[Stored items]
^^^^^^^^
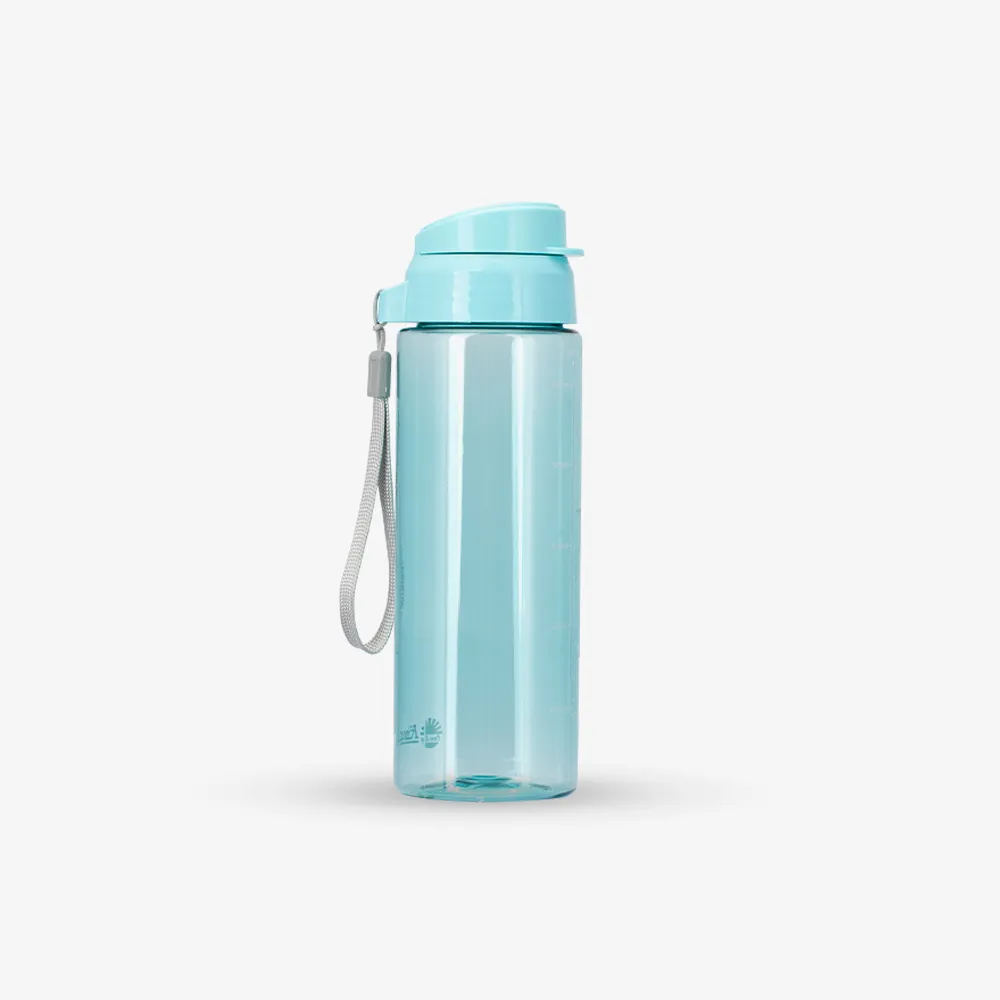 Bình nước nhựa cao cấp cầm tay 05P2 0.5 lít thumb 2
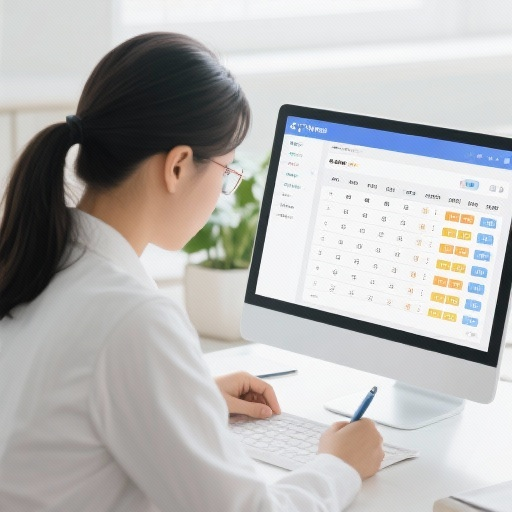 老師使用學工平臺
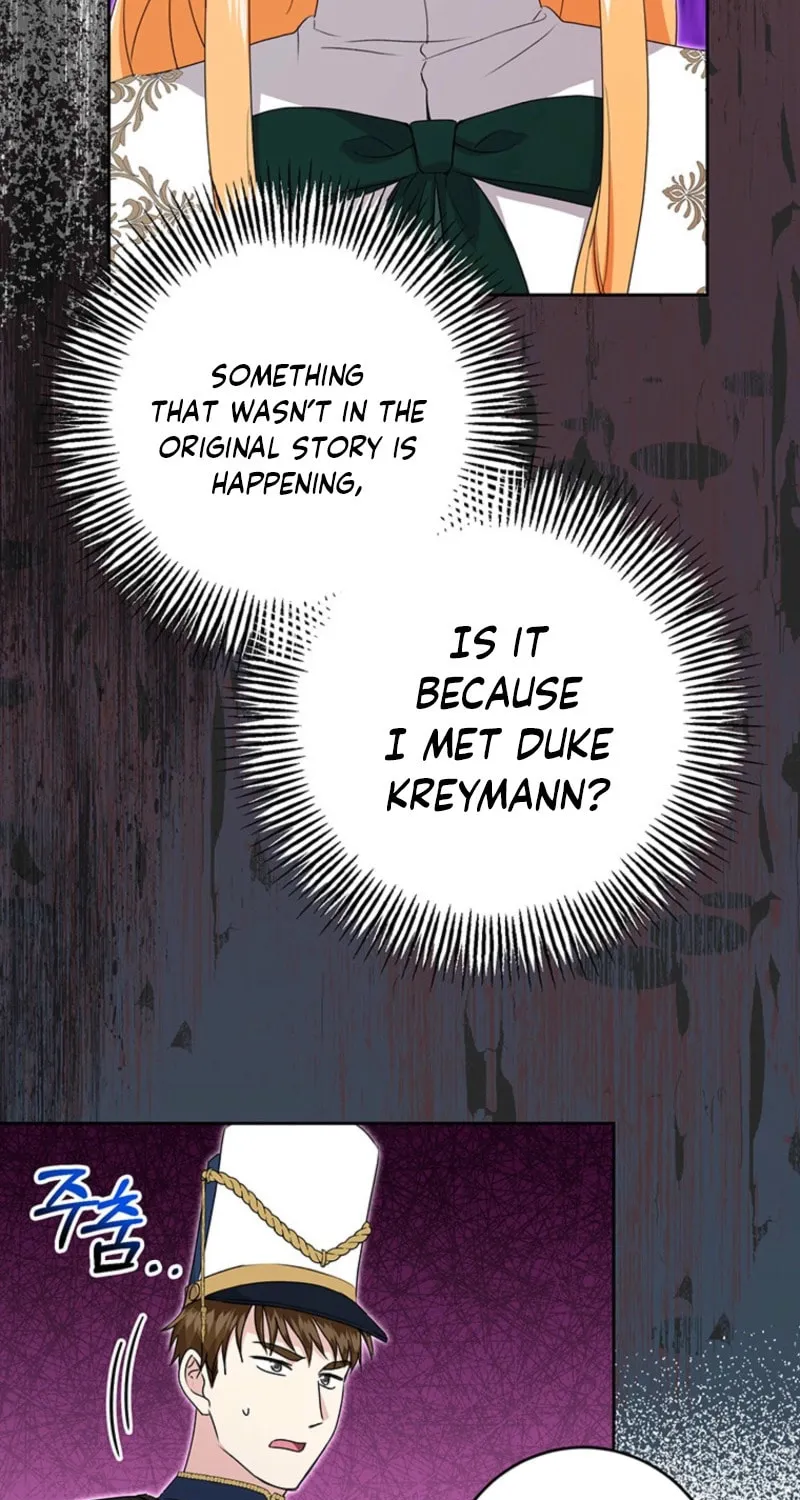 I Need Sponsorship Chapter 17 page 58 - 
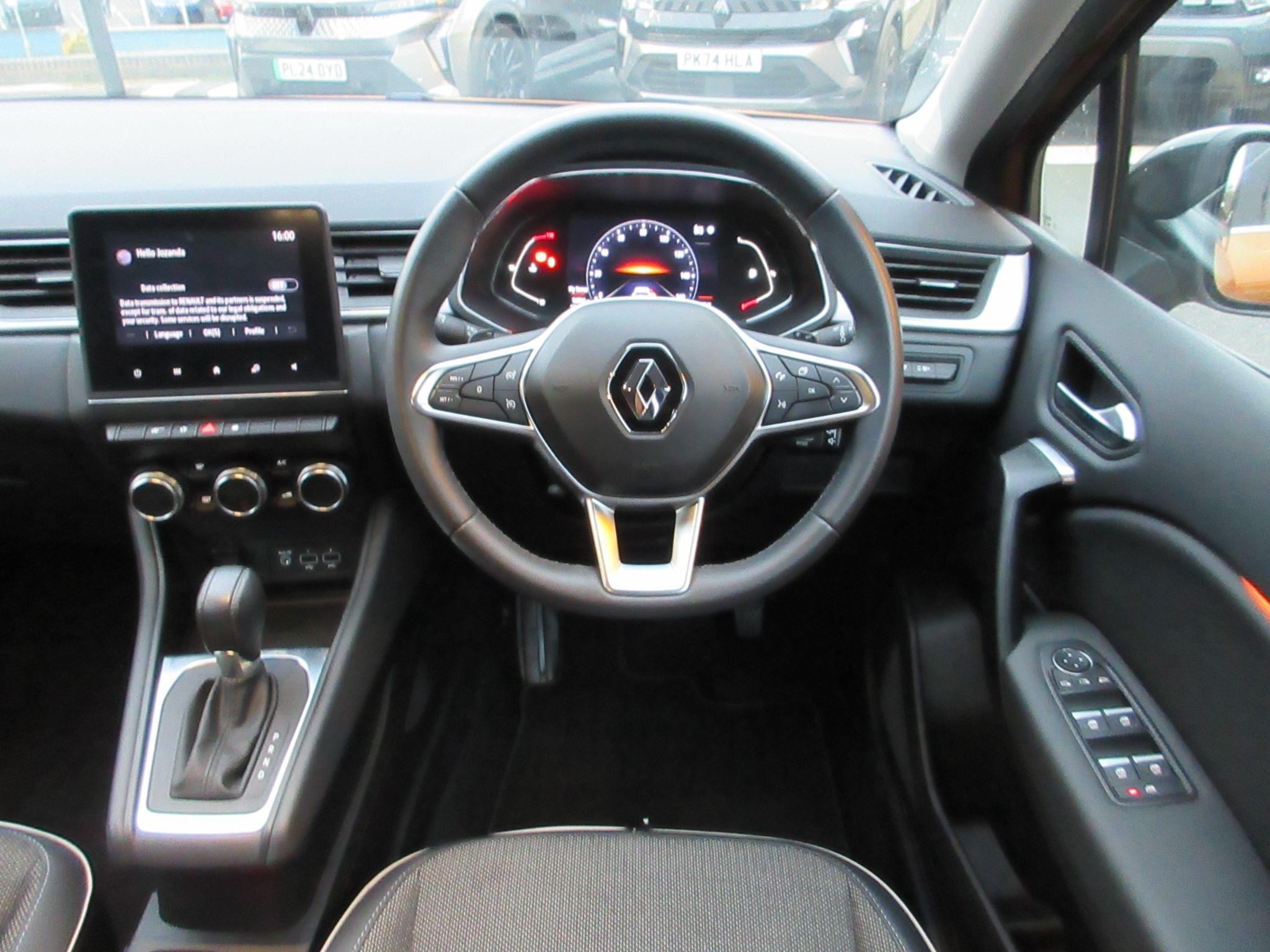 Renault Captur Image 12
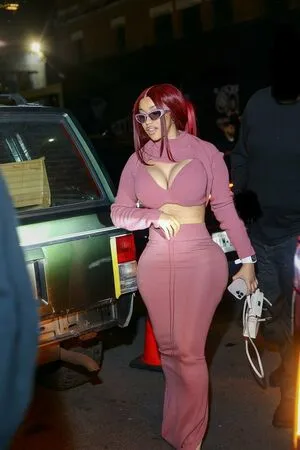 Cardi B OnlyFans Leaked Free Thumbnail Picture - #2m6r8MvVMS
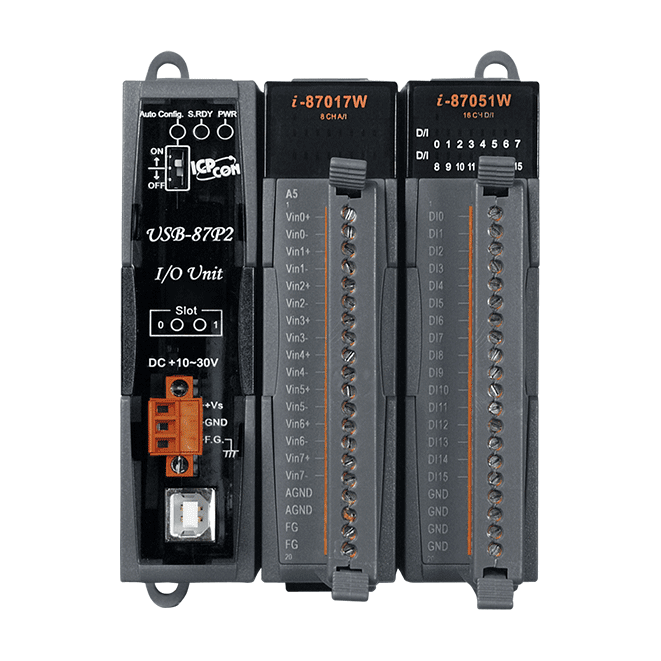 USB-87P2-G CR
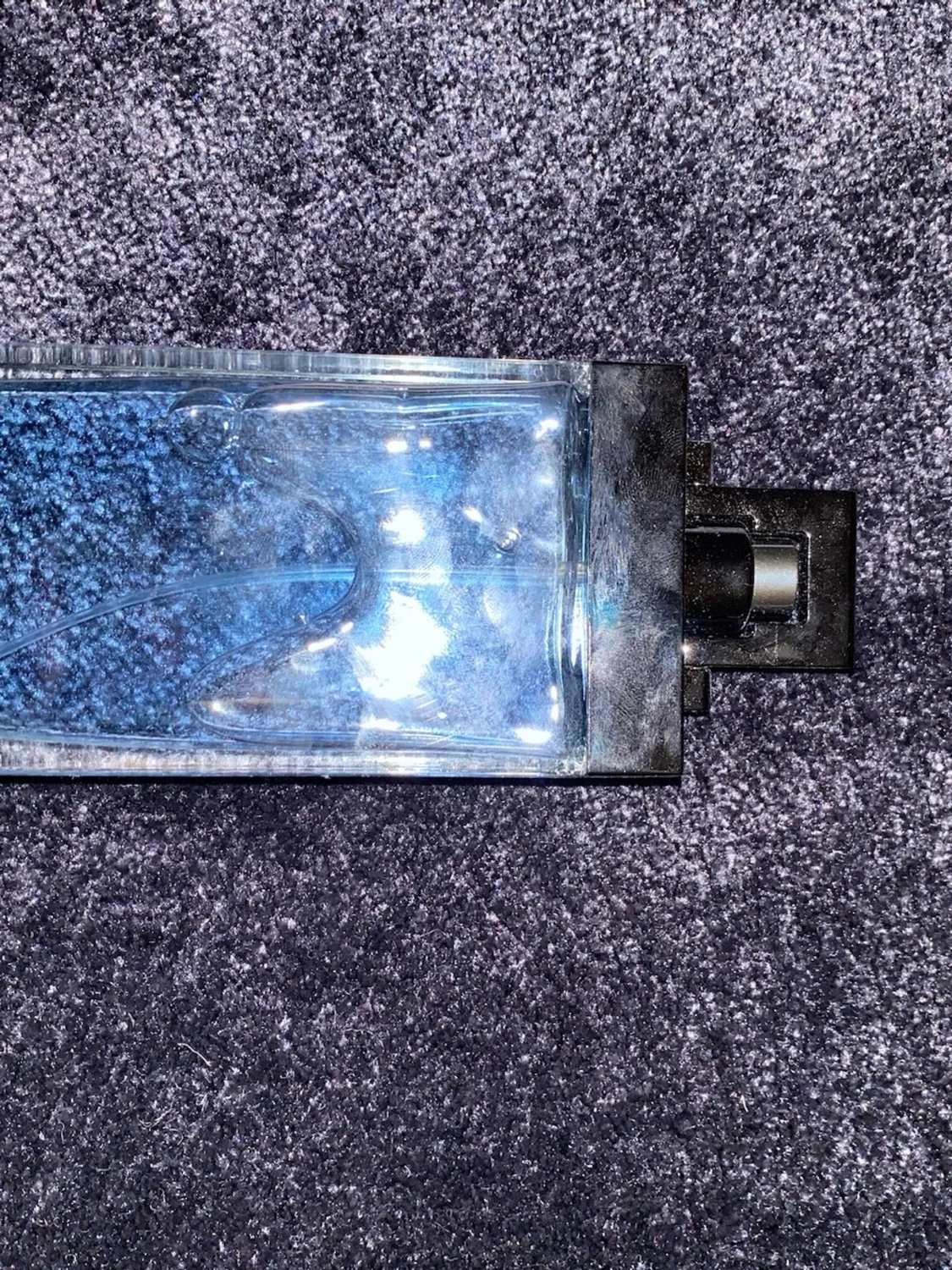 Diplomate Legend parfym (har andvänds 4-10 gånger) - 2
^^^^^^^^
> _TASK DIRECTIONS_:
Reproduce the data verbatim. Do not carry any picture into the copy.

> _EXERCISE SOLUTION_:
 Bình nước nhựa cao cấp cầm tay 05P2 0.5 lít thumb 2
 老師使用學工平臺
 I Need Sponsorship Chapter 17 page 58 - 
 Renault Captur Image 12
 Cardi B OnlyFans Leaked Free Thumbnail Picture - #2m6r8MvVMS
 USB-87P2-G CR
 Diplomate Legend parfym (har andvänds 4-10 gånger) - 2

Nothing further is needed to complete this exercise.